Nelle ultime ore gli USA hanno dichiarato di aver posticipato un massiccio attacco militare punitivo imminente contro l’Iran solo dietro esplicita richiesta dei partner del Golfo (Qatar, Arabia Saudita ed Emirati), che temono la distruzione totale delle proprie economie. Il blocco prolungato di Hormuz sta paralizzando le catene di rifornimento: Il Regno Unito e i Paesi Europei hanno lanciato l’allarme sul rischio concreto di una crisi alimentare ed energetica globale se i mercantili rimarranno bloccati, mentre i prezzi del carburante stanno aumentando sensibilmente in Occidente.
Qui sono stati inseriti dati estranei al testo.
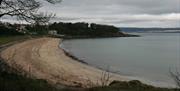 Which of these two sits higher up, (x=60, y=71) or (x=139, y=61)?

L’Italia segue la situazione con estremo timore, soprattutto per le ripercussioni sulla sicurezza del proprio esercito in Libano, ma Roma ha confermato che nessuna unità della Marina Militare italiana è stata inviata a partecipare alle operazioni di blocco o scorta a Hormuz.
Il futuro della crisi rimane legato all’esito delle mediazioni diplomatiche in corso tra l’Iran e gli Stati Uniti. Con lo Stretto di Hormuz ancora parzialmente bloccato e le navi militari occidentali schierate nel Golfo, l’equilibrio della regione resta instabile. La riapertura definitiva del canale e la revoca delle sanzioni economiche rimangono i nodi principali da sciogliere per evitare un’escalation militare che rischierebbe di coinvolgere direttamente altre potenze mondiali. Gli osservatori internazionali guardano con attenzione soprattutto alla Cina, principale acquirente del petrolio della regione, e alla Russia, che mantiene stretti legami diplomatici e militari con Teheran e che potrebbe essere trascinata nel conflitto in caso di un nuovo attacco statunitense.